Hmmm…well, it will generate some output, so keep the system down to two nodes 
if you can just to minimize the chatter. Add “-mca oob_base_verbose 100” to 
your cmd line

> On Mar 25, 2015, at 8:45 AM, Mark Santcroos <mark.santcr...@rutgers.edu> 
> wrote:
> 
> Hi Ralph,
> 
> There is no OMPI in system space and PATH and LD_LIBRARY_PATH look good.
> Any suggestion on how to get more relevant debugging info above the table?
> 
> Thanks
> 
> Mark
> 
> 
>> On 25 Mar 2015, at 16:33 , Ralph Castain <r...@open-mpi.org> wrote:
>> 
>> Hey Mark
>> 
>> Your original error flag indicates that you are picking up a connection from 
>> some proc built against a different OMPI installation. It’s a very low-level 
>> check that looks for matching version numbers.

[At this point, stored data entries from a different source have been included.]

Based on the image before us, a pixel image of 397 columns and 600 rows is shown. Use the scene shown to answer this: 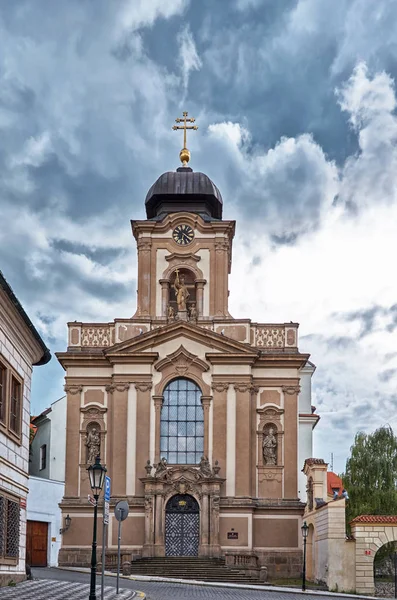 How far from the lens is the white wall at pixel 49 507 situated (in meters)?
48.3

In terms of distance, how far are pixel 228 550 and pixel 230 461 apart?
173 inches

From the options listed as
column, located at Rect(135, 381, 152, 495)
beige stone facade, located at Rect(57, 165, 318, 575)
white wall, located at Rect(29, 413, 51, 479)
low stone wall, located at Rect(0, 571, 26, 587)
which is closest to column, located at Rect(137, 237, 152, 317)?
beige stone facade, located at Rect(57, 165, 318, 575)

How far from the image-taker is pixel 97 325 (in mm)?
52969

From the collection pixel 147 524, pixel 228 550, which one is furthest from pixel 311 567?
pixel 147 524

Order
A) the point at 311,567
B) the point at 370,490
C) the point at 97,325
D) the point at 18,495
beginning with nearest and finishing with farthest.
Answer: the point at 18,495 → the point at 311,567 → the point at 97,325 → the point at 370,490

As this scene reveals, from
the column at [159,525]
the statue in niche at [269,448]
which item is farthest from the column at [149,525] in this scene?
the statue in niche at [269,448]

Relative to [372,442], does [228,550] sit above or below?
below

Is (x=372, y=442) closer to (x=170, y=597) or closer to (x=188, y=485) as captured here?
(x=188, y=485)

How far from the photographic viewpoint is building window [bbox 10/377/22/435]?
24.7m

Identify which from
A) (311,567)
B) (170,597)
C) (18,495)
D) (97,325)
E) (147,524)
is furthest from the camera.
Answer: (97,325)

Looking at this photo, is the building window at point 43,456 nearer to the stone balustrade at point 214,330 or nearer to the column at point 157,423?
the stone balustrade at point 214,330

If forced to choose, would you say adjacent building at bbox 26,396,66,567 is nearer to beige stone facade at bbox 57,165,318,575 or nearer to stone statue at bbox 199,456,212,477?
beige stone facade at bbox 57,165,318,575

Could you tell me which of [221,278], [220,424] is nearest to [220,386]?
[220,424]

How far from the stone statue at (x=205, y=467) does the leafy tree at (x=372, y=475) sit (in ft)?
39.1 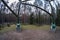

Not sure who is trying to 
>> connect, but that is the problem.
>> 
>> Check you LD_LIBRARY_PATH
>> 
>>> On Mar 25, 2015, at 7:46 AM, Howard Pritchard <hpprit...@gmail.com> wrote:
>>> 
>>> turn off the disable getpwuid.
>>> 
>>> On Mar 25, 2015 8:14 AM, "Mark Santcroos" <mark.santcr...@rutgers.edu> 
>>> wrote:
>>> Hi Howard,
>>> 
>>>> On 25 Mar 2015, at 14:58 , Howard Pritchard <hpprit...@gmail.com> wrote:
>>>> How are you building ompi?
>>> 
>>> My configure is rather straightforward:
>>> ./configure --prefix=$OMPI_PREFIX --disable-getpwuid
>>> 
>>> Maybe I got spoiled on Hopper/Edison and I need more explicit configuration 
>>> on BW ...
>>> 
>>>> Also what happens if you use. aprun.
>>> 
>>> Not sure if you meant in combination with mpirun or not, so I'll provide 
>>> both:
>>> 
>>>> aprun -n2 ./a.out
>>> Hello from rank 1, thread 0, on nid16869. (core affinity = 0)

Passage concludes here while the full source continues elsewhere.